Overall Flashcards
What are the two types of radiation monitoring instrument?
Area survey meters (area monitors) and personal/individual dosimeters
What is the absorbed dose, its units and what does it not consider?
Energy per unit mass, Gray and doesn’t consider different types of radiation or biological effects
Which type of dose is the basic quantity in radiation protection and which type is related to risk?
Equivalent dose for protection and effective dose for risk
What weighting factor does equivalent dose include in its calculation?
Radiation-weighting factors to account for the specific type of radiation
What is the effective dose?
Weighted sum of mean equivalent doses to organs (who body quantity) including organ weighting factors
What is the unit for equivalent and effective dose?
Sieverts (J/kg)
Is equivalent dose referring to a particular organ/tissue or whole body dose?
Particular organ/tissue
Which types of radiation have a radiation-weighting factor of 1?
X-rays, gamma rays and electrons
What are the radiation weighting factors for protons and alpha particles?
5 for protons and 20 for alphas
Is the effective dose directly measurable?
No
Operational quantities are used for practical measurements as a substitute for what?
Effective dose
What is the concept of operational quantities?

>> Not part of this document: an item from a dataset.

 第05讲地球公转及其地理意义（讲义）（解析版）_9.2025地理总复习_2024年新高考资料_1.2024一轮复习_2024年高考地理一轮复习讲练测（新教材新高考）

Based on the dose equivalent to that point and relate to the type and energy of the radiation
What are the three types of operational dose quantities?

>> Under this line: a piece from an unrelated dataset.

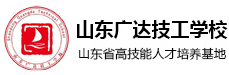 濟(jì)南山東廣達(dá)技工學(xué)校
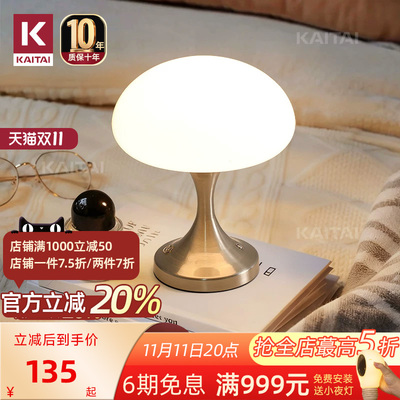 充电台灯网红INS卧室床头氛围灯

Ambient dose equivalent, directional dose equivalent and personal dose equivalent
What dose quantity is the skin dose limit in IRR17?
Equivalent dose
When do you do a radiation survey?
Verifies construction and part of prior risk assessment
What factors need to be considered for the choice of instrument?

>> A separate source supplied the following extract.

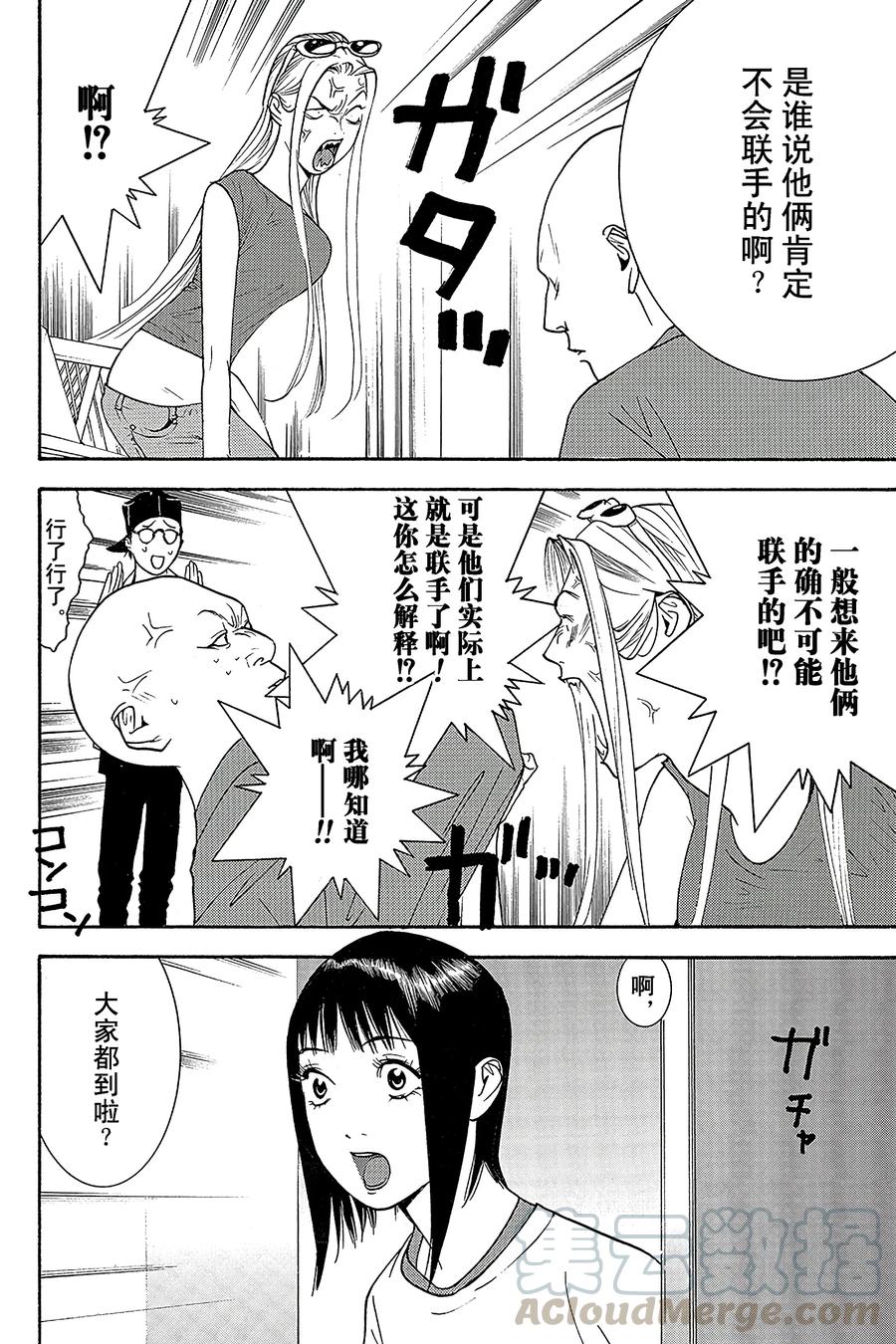 欺诈游戏 - 123 - 第16张图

Radiation type (including energy), dose rate, duration and geometrical precision
What are the four types of detector technologies?
Film, gas, scintillation detectors and semiconductor detectors
What are examples of gas detectors?
Ionisation chambers, proportional counters and Geiger Muller tubes (saturation detector)
What does traditional film contain?
Silver bromide crystals on a cellulose base
How does an image form on traditional film?
Radiation releases free silver to form a latent image that can be seen after developing it
What are the advantages and disadvantages of film?
Advantages: high spatial resolution, 2D dose map, permanent, no electrical connections
Disadvantages: processing required, specific range of doses, different energy response than tissue
How do gas detectors work?
Positive and negative electrodes to make an electric field and ions are attracted to electrodes and then coulombs (current) can be converted to dose
In gas detectors, when could secondary ionisation occur?
If the field is strong enough
What features changes the gas detector type?
The amount of applied voltage across the electrodes
There are 6 regions of increasing applied voltage for gas filled detectors, what are they called?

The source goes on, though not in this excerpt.